The battle over whether or not to make Glendale Community College a non-smoking campus has been brewing since 2010; now Interim Superintendent/President Jim Riggs is urging not only the campus, but also the district, to become completely smoke-free.
In a letter addressed to the GCC community, Riggs listed a number of issues he believes should be dealt with before he leaves this summer. Although his first priority is to work to try and fix “the college’s structural fiscal deficit,” Riggs stated that the community needs to, “Implement a district-wide non-smoking policy at the start of the Fall 2013 semester.”
The district’s smoking policy currently states that smoking is allowed only in designated areas and that violators will be cited accordingly.
Riggs said that the current policy is hard to enforce and still isn’t an effective solution. “The college has such small acreage for our large population,” Riggs said in an interview. “Because of the dense architecture, it is not feasible to isolate smoking areas that won’t affect other people who don’t want to be around smoke.”
According to a November 2012 survey conducted by Administrative Affairs, 68 percent of students, faculty and staff surveyed prefer a non-smoking campus to the 32 percent of students, faculty and staff that prefer the designated smoking areas.
The non-smoking policy needs to pass through a series of committees before it can be implemented, according to Riggs. It has been approved in Administrative Affairs and is currently under review in the Campus Executive. If approved in Campus Executive, the policy will continue on to the board of trustees where the board can adopt, amend or not adopt the non-smoking policy.
Riggs said that most people who are opposed to the outright ban on smoking throughout the district oppose because they feel that the current smoking policy hasn’t had enough time to be effective.
Although the currently designated smoking areas were adopted in 2010, the GCC Police Department did not have any way of enforcing the policy.
“Prior to the current semester we provided education to persons who were smoking in non-designated areas,” Police Chief Gary Montecuollo said. “This included warnings against smoking where it was not allowed as well as warnings and citations for littering.”
However, this semester the police department can now issue citations for smoking in non-designated areas. The cost of a smoking citation is $100. As of March 1, the department had issued 17 citations for smoking in non-designated areas.
While there is a resource management portion to having a non-smoking district, the main goal to ban smoking is to create a healthier district. “People have a right to smoke, but people also have a right to have a healthy work environment,” Riggs said.
He went on to explain that there has been much discussion on the smoking policy and that the events concerning smoking on a national, state and regional level have influenced his decision to push for a non-smoking district. “As a society, we have decided that [health and non-smoking] takes precedent,” Riggs said.
“It is in the best interest of anyone, from a health standpoint, that we need to move to be a non-smoking campus,” psychology department chairperson Jessica Gillooly said.

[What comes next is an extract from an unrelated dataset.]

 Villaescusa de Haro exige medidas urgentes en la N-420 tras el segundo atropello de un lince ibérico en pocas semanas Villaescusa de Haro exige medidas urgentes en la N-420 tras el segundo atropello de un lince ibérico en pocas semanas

Gillooly has been pushing to be a non-smoking campus for years. She said that she will continue to work for a non-smoking campus while the proposed policy is being reviewed. During Gillooly’s push to eliminate smoking on campus, she has worked towards helping current smokers quit in a number of ways, one by paying to educate some of her students on how to stop the addiction.
Although the majority of the district wants to have a non-smoking district, it is not unanimous.
According to Riggs, the district may become a non-smoking district as early as later this month, but will not start to enforce the policy until Fall 2013. Montecuollo said that the department would be ready to enforce the non-smoking policy next semester, if the board of trustees adopts it.